What procedural steps does an NSL recipient take to petition a court to modify or lift a gag order and how often do they succeed?
Executive summary
National Security Letter (NSL) recipients may invoke statutory “reciprocal notice” procedures, ask the FBI to reconsider its nondisclosure demand, and—if that fails or the recipient prefers—file a petition in federal district court to modify or set aside the gag order; courts have occasionally struck nondisclosure provisions but successful outcomes are rare in practice, and agency reviews lift only a tiny fraction of gag orders (for example, the FBI lifted about 6.4% of gag orders it reviewed between February 2016 and September 2017) [1] [2].
1. The legal lever: statute-authorized court petitions and reciprocal notice
Since the 2006 amendments and later the USA FREEDOM Act, the statutory process allows an NSL recipient to petition a federal district court to modify or set aside both the records request and the accompanying nondisclosure requirement, and provides a “reciprocal notice” mechanism by which a recipient can force an FBI review of the nondisclosure within a short window (the FBI must review within 30 days once reciprocal notice is invoked) [3] [1].

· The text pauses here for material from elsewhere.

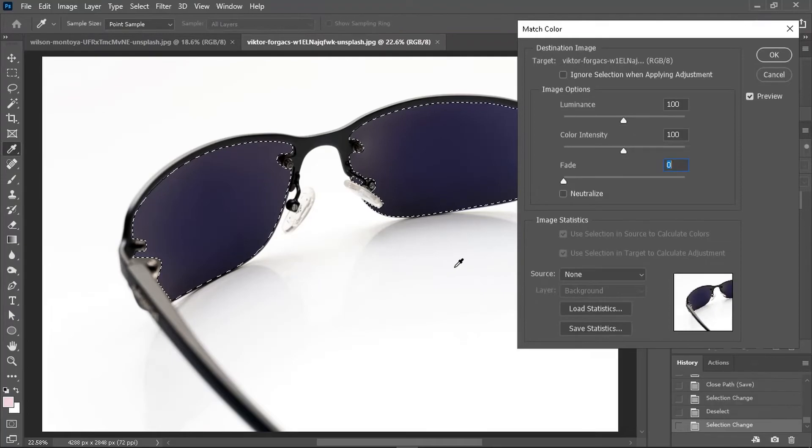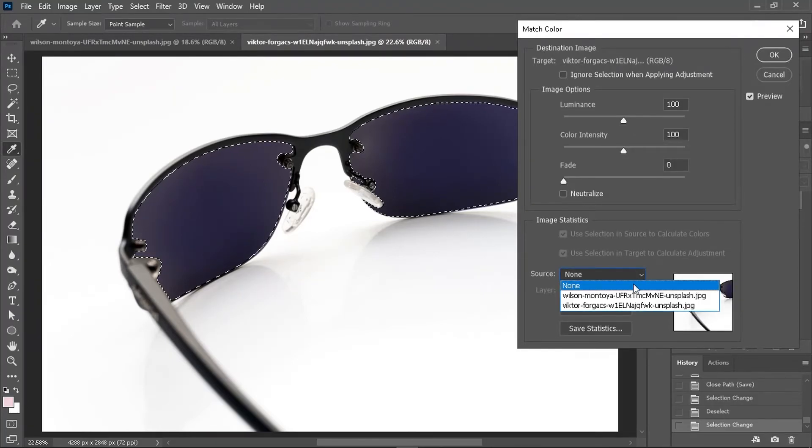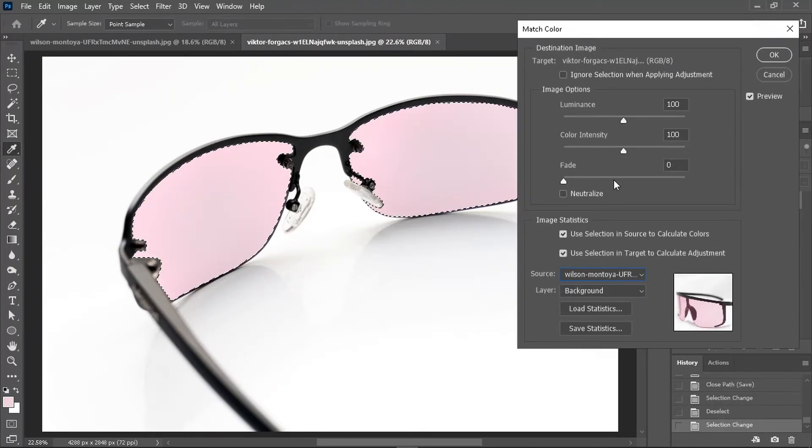Choose your source image, which is this one, and the color should be changed now.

2. The common sequence: counsel, reciprocal notice, agency review, then court
Practically, recipients typically retain counsel (although lawyers who see the NSL are themselves constrained by the nondisclosure) and either request the FBI terminate the nondisclosure under its internal termination procedures or invoke reciprocal notice to trigger the statutory 30‑day review; if the FBI refuses to lift or narrow the gag, the recipient may file a district‑court challenge seeking modification or vacatur of the nondisclosure order [3] [1].
3. What courts actually review and the burden of proof
When a court reviews a nondisclosure order under the statute, it does not apply a broad First Amendment test in every circuit: Congress framed limited statutory grounds under which courts may overturn gag orders—courts may only set aside nondisclosure where they find there is no reason to believe disclosure would harm national security, interfere with investigations or diplomatic relations, or endanger life or safety—so the statutory standard narrows the issues the court will reach, and appellate panels (notably the Ninth Circuit) have at times upheld indefinite gag structures as constitutionally permissible given the availability of a review mechanism [3] [4] [5].

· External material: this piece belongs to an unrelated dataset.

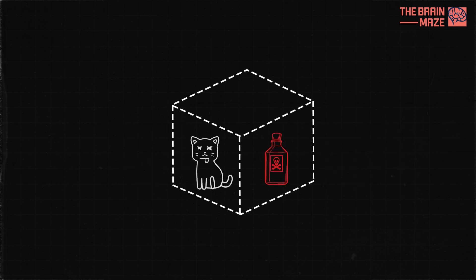Only when we open the box will we know for sure, and it's also the act of opening the box that allows that superposition to collapse and the cat to suddenly exist in one state or the other.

4. Agency practice and institutional friction: termination procedures versus reality
Congress required periodic review and the FBI adopted internal termination procedures triggered at a three‑year anniversary or case closure, but transparency litigation by civil‑liberties groups revealed that the FBI reviews only a subset of NSLs and that lifts are rare—the EFF’s analysis of FBI data showed only about 6.4% of gag orders reviewed between Feb. 2016 and Sept. 2017 were lifted, and FOIA fights exposed gaps in the Bureau’s recordkeeping and adherence to review mandates [2] [6] [7].
5. How often petitioners succeed — rare but precedent‑setting wins exist
Success in court is the exception, not the rule: many recipients never challenge gag orders and those who do face statutory constraints and deference to government claims; nevertheless, there are high‑profile victories—Nicholas Merrill’s long litigation produced a court lift and published opinion that highlighted First Amendment concerns and forced partial un‑gagging, and other companies (Automattic, Cloudflare, Microsoft) have obtained relief or negotiated lifts in specific instances—but systemic data shows lifts are uncommon in aggregate [8] [9] [10] [1] [2].
6. Practical prescription and realistic expectations
A recipient seeking to end a gag should document invocation of reciprocal notice, retain counsel experienced in national‑security litigation, prepare to litigate under the narrow statutory standards (and in some circuits face precedent upholding indefinite nondisclosure), and budget for protracted fights—the law provides a route, courts sometimes grant relief, but institutional practice and judicial doctrine have combined to make full and routine un‑gagging an uncommon outcome [3] [4] [2].